* _PROBLEM_: Please set down each record exactly as it appears, but leave out any pictures.

[Image-text web data]
--

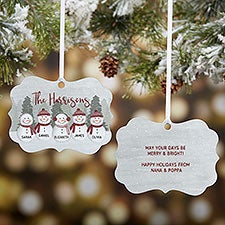 Watercolor Snowman Personalized Metal Ornament  - 43092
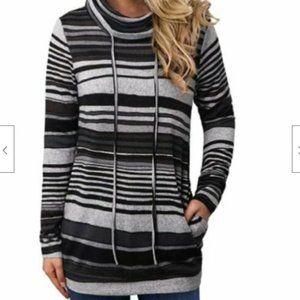 NWT EMVANV Cowl Neck Sweater w/ Pockets Lightweight Black / Gray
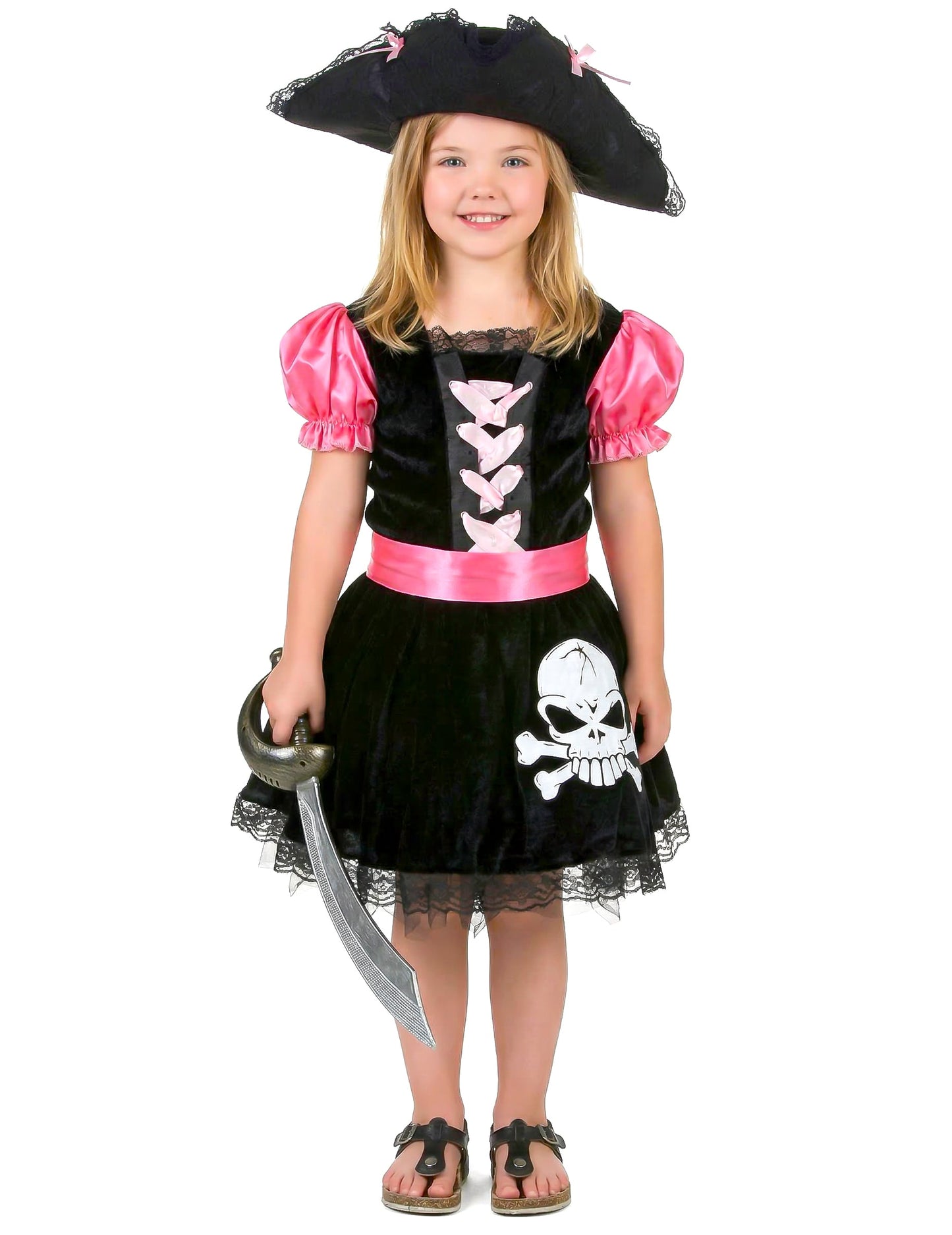 Vue d'ensemble du déguisement pirate girly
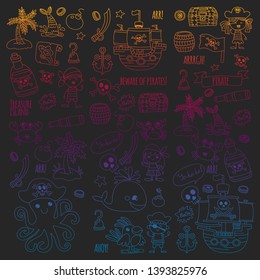 Vector pattern with pirate icons. Adventure, birthday party.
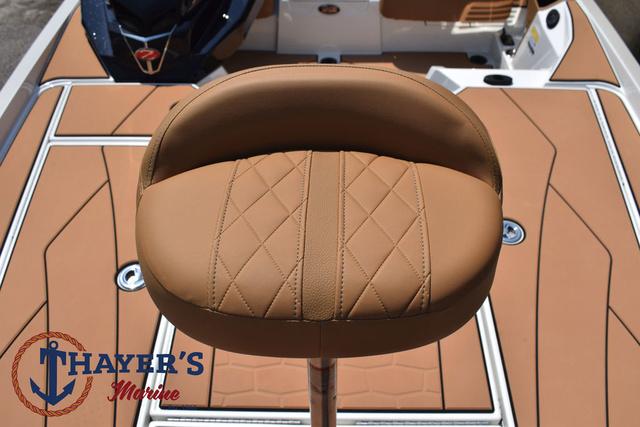 2025 Ranger Z520R Cup-Equipped boat seat with tan leather and Thayer's Marine logo.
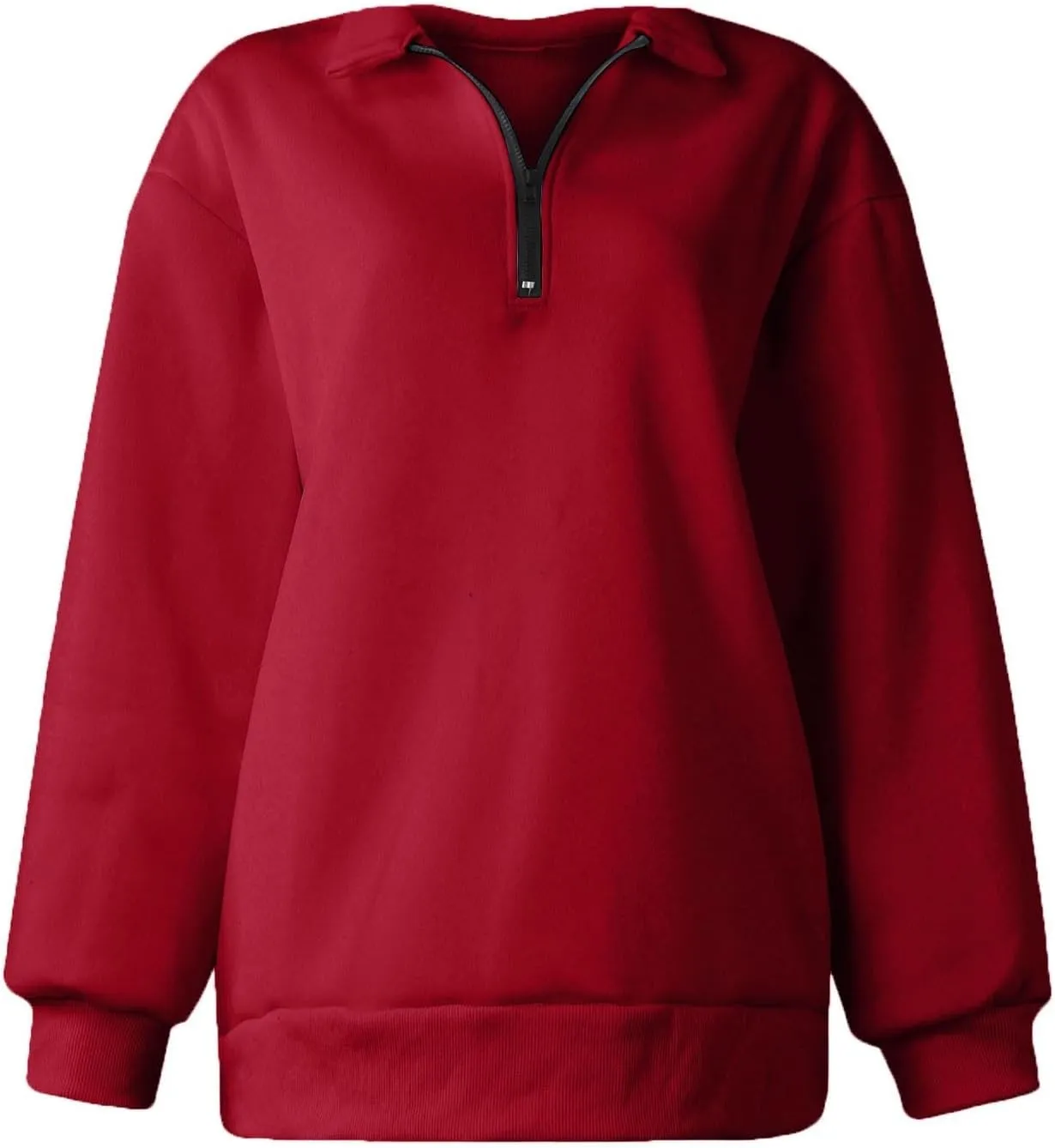 Quarter Zip Pullover for Women Fall Casual Y2k Clothes Drop Shoulder Sweaters Long Sleeve Blouses Half Zip Sweatshirt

--

* _SOLUTION TO THE EXERCISE_:
 Watercolor Snowman Personalized Metal Ornament  - 43092
 NWT EMVANV Cowl Neck Sweater w/ Pockets Lightweight Black / Gray
 Vue d'ensemble du déguisement pirate girly
 Vector pattern with pirate icons. Adventure, birthday party.
 2025 Ranger Z520R Cup-Equipped boat seat with tan leather and Thayer's Marine logo.
 Quarter Zip Pullover for Women Fall Casual Y2k Clothes Drop Shoulder Sweaters Long Sleeve Blouses Half Zip Sweatshirt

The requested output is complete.